[[ Supplied records, beginning ]]

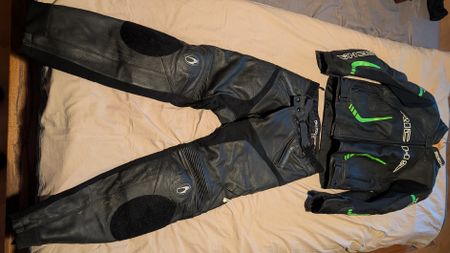 Motorrad Lederkombi für Männer, Hose Gr.54, Jacke Gr.52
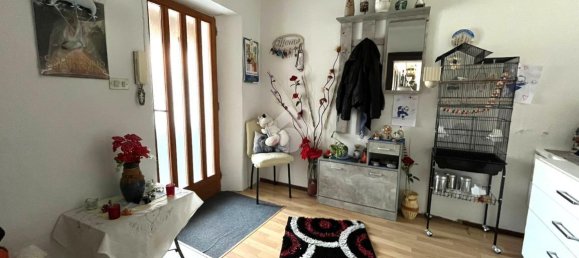 3-salle Appartement à Poirino, Italy No. 2097 16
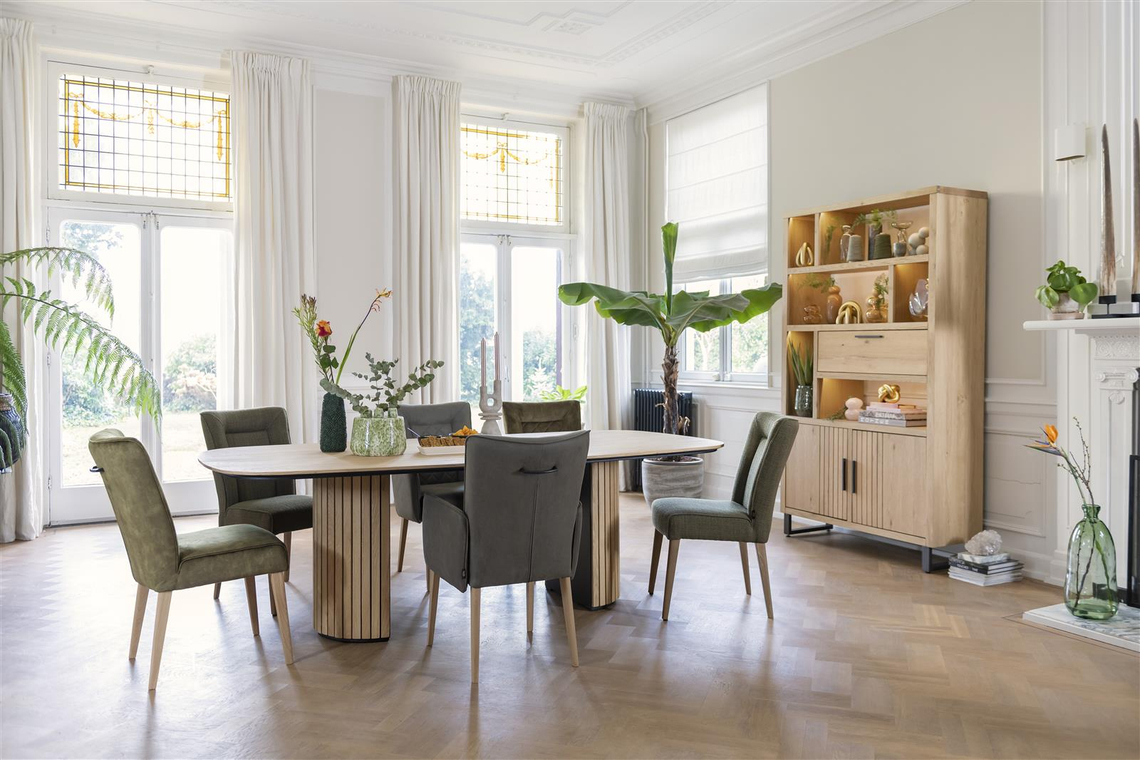 Henders & Hazel Armstoel Olivera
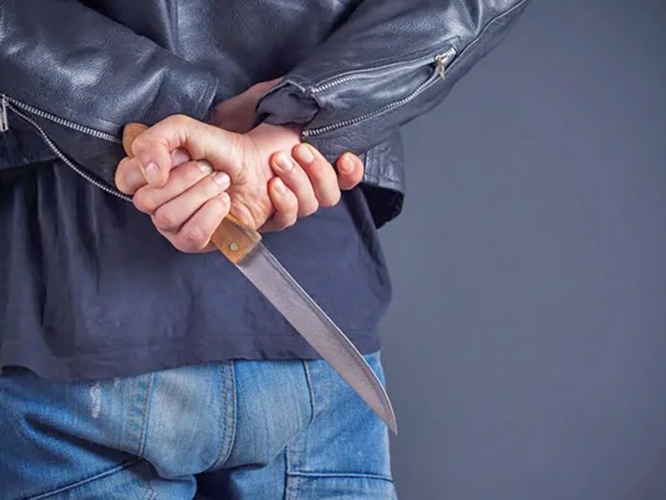 Homem corta pesco�o da ex-companheira ap�s ataque de ci�mes em Vila Rica MT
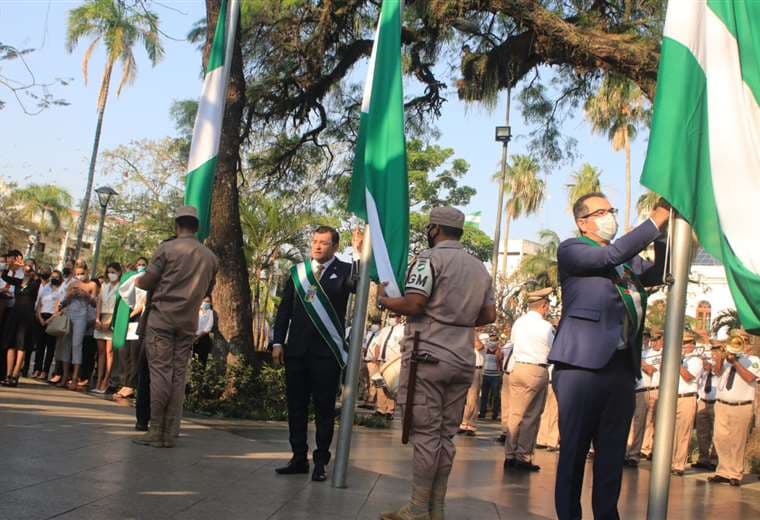 Autoridades izan la bandera cruceña en el inicio del mes aniversario. Foto: JC. Torrejón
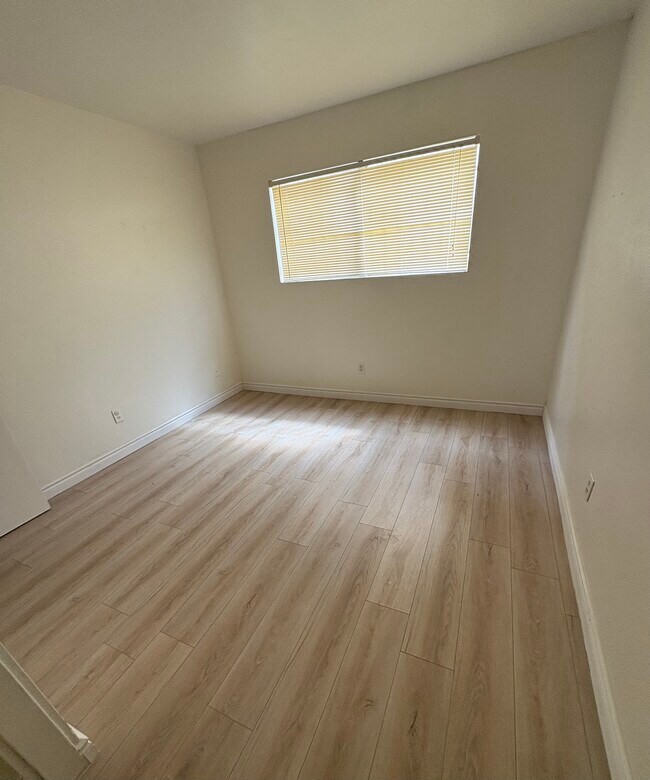 18410 Desidia St unit . D, Rowland Heights, CA 91748 - photo 3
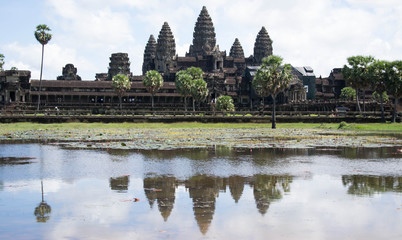 Fototapeta na wymiar Angkor wat cambodia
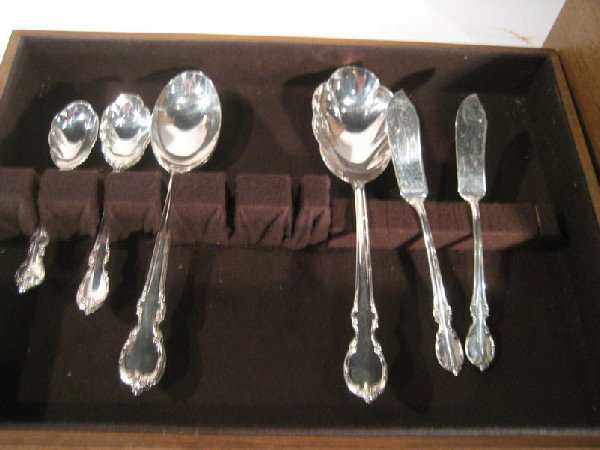 Rogers Bros, "Reflection" Pattern Silver-Plated Flatwar - 2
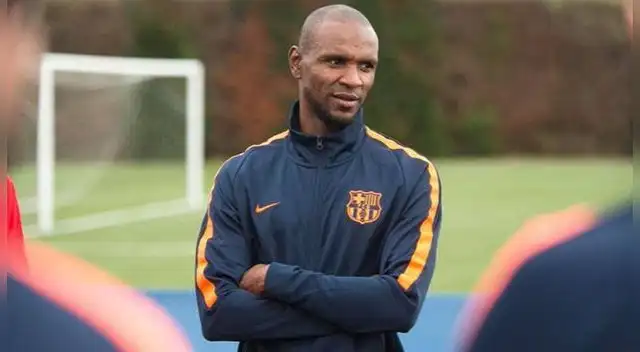 Barcelona: Éric Abidal y su contacto con dos estrellas del Ájax Barcelona: Éric Abidal y su contacto con dos estrellas del Ájax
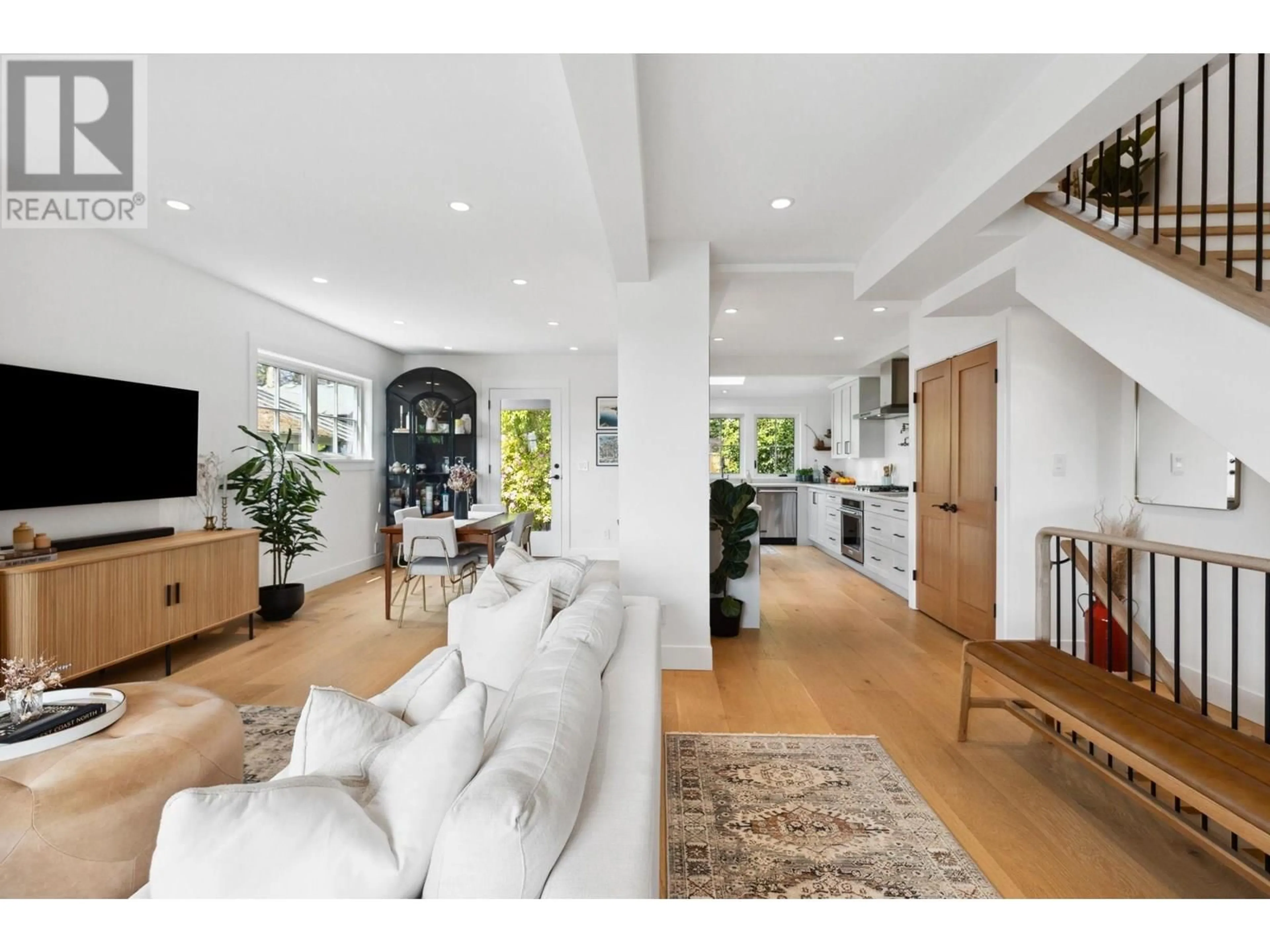 Living room with furniture, unknown for 230 28 STREET, North Vancouver British Columbia V7N1C2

[[ Supplied records, end ]]

#### Your objective:
What you write must match the listing exactly, from the line with "Autoridades izan la" up to and including the line with "Ájax Barcelona: Éric". Pictures stay out.

#### Answer to this problem:
 Autoridades izan la bandera cruceña en el inicio del mes aniversario. Foto: JC. Torrejón
 18410 Desidia St unit . D, Rowland Heights, CA 91748 - photo 3
 Fototapeta na wymiar Angkor wat cambodia
 Rogers Bros, "Reflection" Pattern Silver-Plated Flatwar - 2
 Barcelona: Éric Abidal y su contacto con dos estrellas del Ájax Barcelona: Éric Abidal y su contacto con dos estrellas del Ájax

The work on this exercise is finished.